Considera ciò che potrebbe indurre San Pietro a desiderare che il Signore se ne andasse e si allontanasse da lui; ciò che poteva significare, e ciò che poteva sentire, che dovrebbe farlo rifuggire da Cristo, e anzi, in ginocchio, pregarlo di andarsene e lasciarlo, proprio nel momento in cui aveva mostrato così segnale una prova della Sua Potenza e bontà divina.
I. Le parole di san Pietro nel testo erano la naturale esclamazione di meraviglia; e con meraviglia un naturale ritrarsi da Uno così buono, così santo, così potente e così divino. Credo che Pietro si sentì come se dicesse: "Tu sei troppo buono, troppo grande per me per essere vicino a te. Fa' che io sia tuo discepolo più lontano. Non venire da me, io non sono abbastanza buono per la tua compagnia vicina. Vattene da Me. Mi allontano, con disagio e angoscia d'animo, dalla Tua presenza più vicina.
«Credo che questo sia il vero racconto del senso di san Pietro, e del sentimento con cui parlava; e se è così, mi sembra molto comune. Gli uomini, consapevoli del peccato, consapevoli della debolezza, e non molto seriamente, in questo modo rifuggire da Dio. È possibile che il loro ritrarsi possa sembrare a loro stessi come modestia e umiltà, ma è un ritrarsi da Dio, e può essere estremamente grave nelle sue conseguenze .
Nella sua forma più estrema non è altro che la stessa cosa che le povere creature, possedute con diavoli nel paese dei Gergeseni, gridarono: "Che abbiamo a che fare con te, Gesù, figlio di Dio? Sei venuto qui tormentarci prima del tempo?"
II. Ma segna la differenza in questi due casi. Nell'uno, l'uomo si ritrae completamente da Dio, fugge da Lui, non crederà al suo amore; è sicuro di essere irrimediabilmente perduto e rovinato, cade nella disperazione e in quella terribile incoscienza del vivere impuro che è la caratteristica della disperazione. E così cade in una ribellione completa e senza speranza, e la sua fine è la totale perdita e morte. Nell'altro caso, l'uomo, penetrato dal senso della sua indegnità e del suo peccato, si ritrae anche, o almeno è tentato di ritrarsi, lontano da Dio; si sente disposto a piangere, con S.

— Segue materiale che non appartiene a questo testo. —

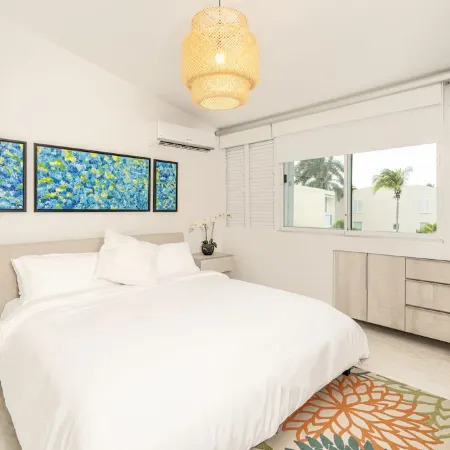 Dream Villa - Luxury Stay w/ Pool & Beach Access Отели в г. Дорадо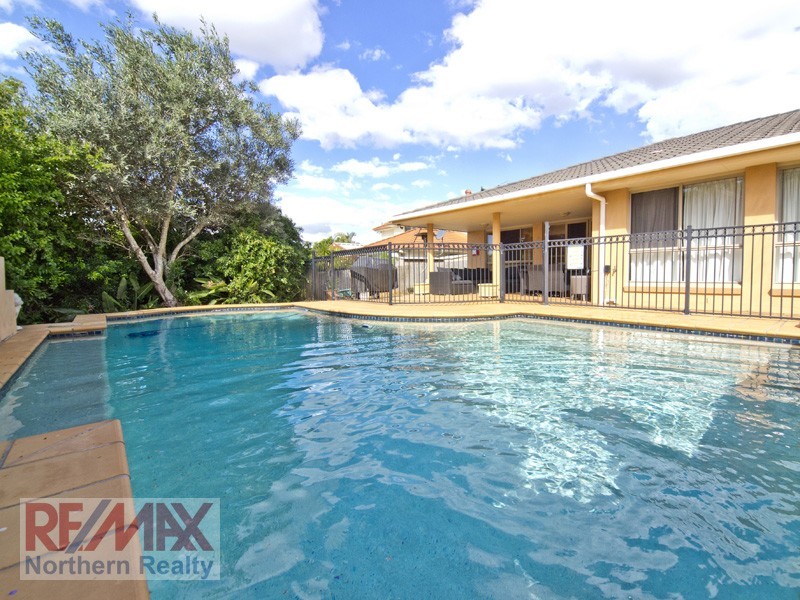 20 Brian Morrison Dr, Albany Creek QLD 4035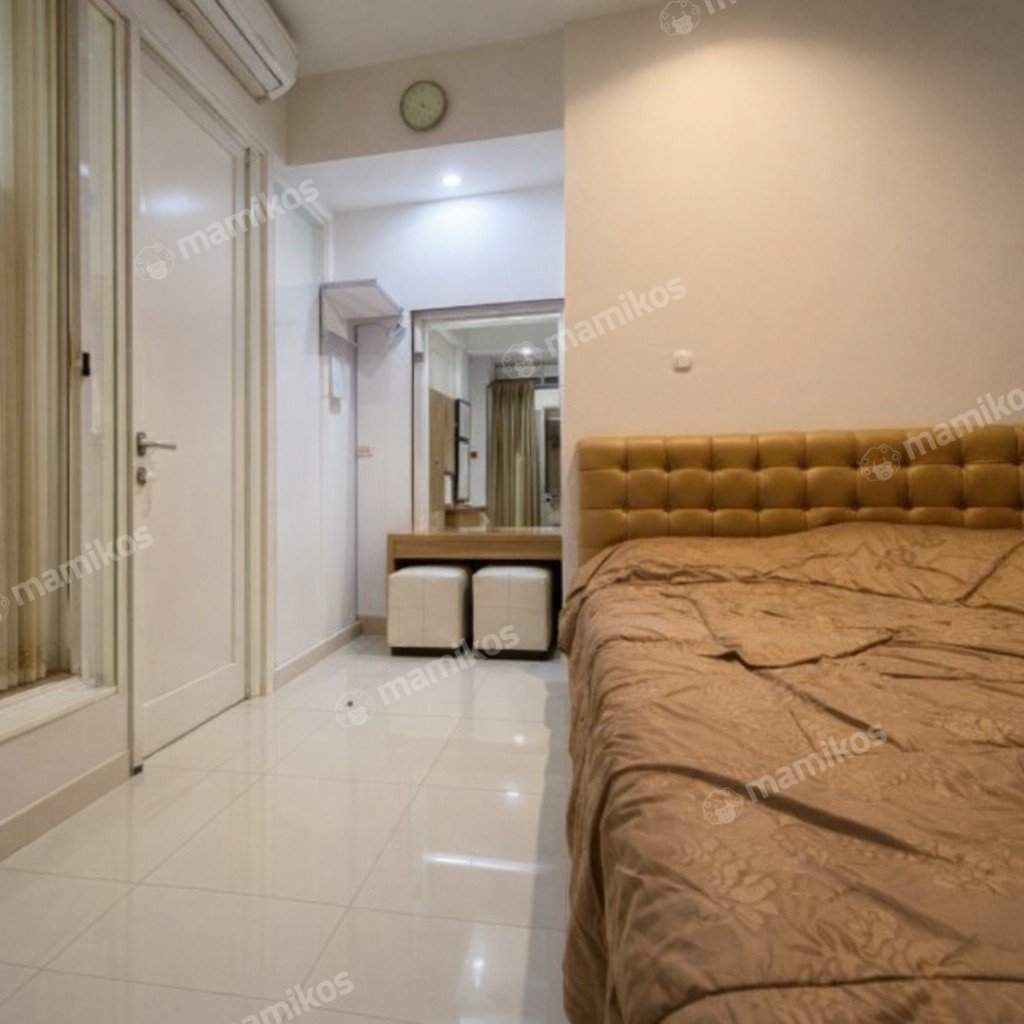 Rumah Sertifikat SHM 4 Kamar Tidur 4 Kamar Mandi Tanjung Duren Jakarta Barat - Photo 4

Pietro: "Allontanati da me, perché io sono un peccatore, o Signore". Ma sa che non deve cedere a una simile tentazione. Ben presto ricorda e si pente del suo grido infedele. Impara per grazia a fidarsi dell'amore del suo Salvatore. Impara a pentirsi di aver ceduto, come è stato, alla tentazione di ritrarsi. Potrebbe esserci stata qualche somiglianza nel sentimento originale dei due, ma l'uno è finito nella disperazione e l'altro nell'alto stato di un apostolo prediletto, uno dei seggi principali nell'eterno regno di gloria.
G. Moberly, Sermoni parrocchiali, p. 180.
Riferimenti: Luca 5:8 . G. Calthrop, Parole dette ai miei amici, p. 239; Vescovo Lightfoot, Pulpito del mondo cristiano, vol. vi., pag. 177; J. Martineau, Sforzi dopo la vita cristiana, p. 147; FW Robertson, La razza umana e altri sermoni, p. 125; GEL Cotton, Sermoni e discorsi al Marlborough College, p. 9. Luca 5:10 . Pulpito della Chiesa d'Inghilterra, vol. iv., pag. 54.